カンボジアからラオスへの国境越えは情報がない分、手ごわそうだ。
しかし、国境越えのキーとなる地点がストゥントレンだということが分かっただけでも助かった。
そこでストゥントレンについて調べてみる。
幸いこの街の周辺はポルポト派の残存勢力がいるわけでもなさそうだ。治安が悪い場所というわけでもないらしい。単に知られていないだけのようだ。
ならば、行ける。
そう判断すると、さっそくラオス大使館へビザを取りに行く事にした。
ラオス大使館はサダゲストハウスから少し離れた場所にあるが、歩いていけない場所ではない。
サダでもビザ手続きの代行をしてくれていたが、手続きは自分でやった方が面白い。
強い日差しの中、ダラダラと汗を流しながら街を歩き続ける。
しばらく歩くとラオス大使館が見えてきた。しかし扉は閉まっている。休憩なのだろうか?
開館時間と自分の時計を見比べてみると、午後の開館時間まであと一時間ある。ちょうど昼休みに来てしまったらしい。
一時間という時間。
それは戻るにも待つにも中途半端な時間だ。
「何で昼過ぎてるのに閉まってるんだ!」
そう怒りたくもなるが、大使館の性質上そんなのは特別珍しい事ではなく、ただ単に開館時間を調べないで来てしまった自分に落ち度があっただけのことだ。
仕方ないので、道を挟んだ木の陰で待つことにした。近くの店で買った飲み物をちびちび飲んでいれば、一時間なんてきっとすぐに過ぎてしまうはずだ。

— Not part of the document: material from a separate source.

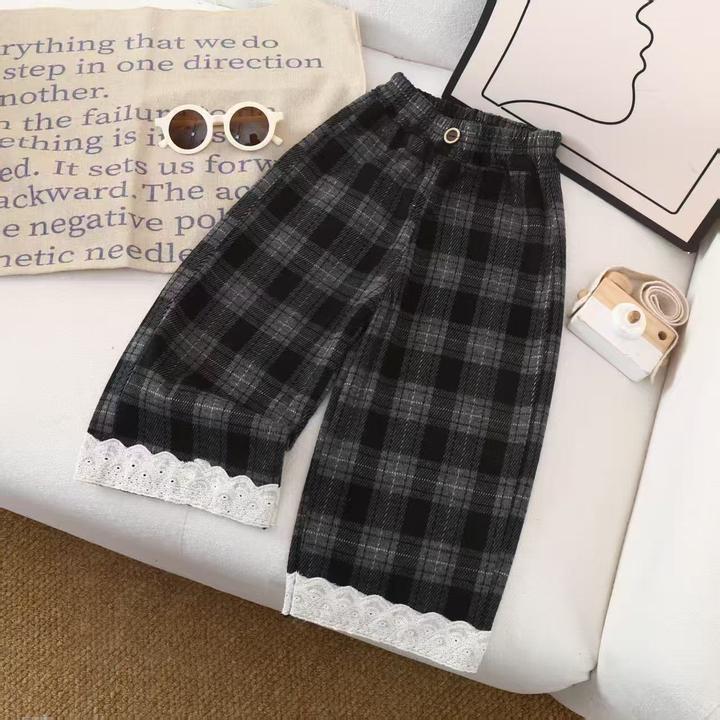 春秋季女童格子阔腿裤新款女孩洋气蕾丝花边直筒裤儿童韩版休闲裤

…そのつもりが、うっかり短時間で飲み終えてしまった。喉の渇きがそうさせてしまった。
飲み終えてしまうとその後の待ち時間は急に長く感じる。
いくら木陰といっても、日差しは道路に降り注ぎ乱反射する。
椅子もない場所で立ち続けているうち、次第に汗がふき出してきた。
汗を拭きながら木陰でじっと待っていると、やがて大使館から人が出てきた。といってもまだ午後の部が始まる時間ではない。きっと買い出しにでも行くところなのだろう。どうやら出てきた人は警備員のようだった。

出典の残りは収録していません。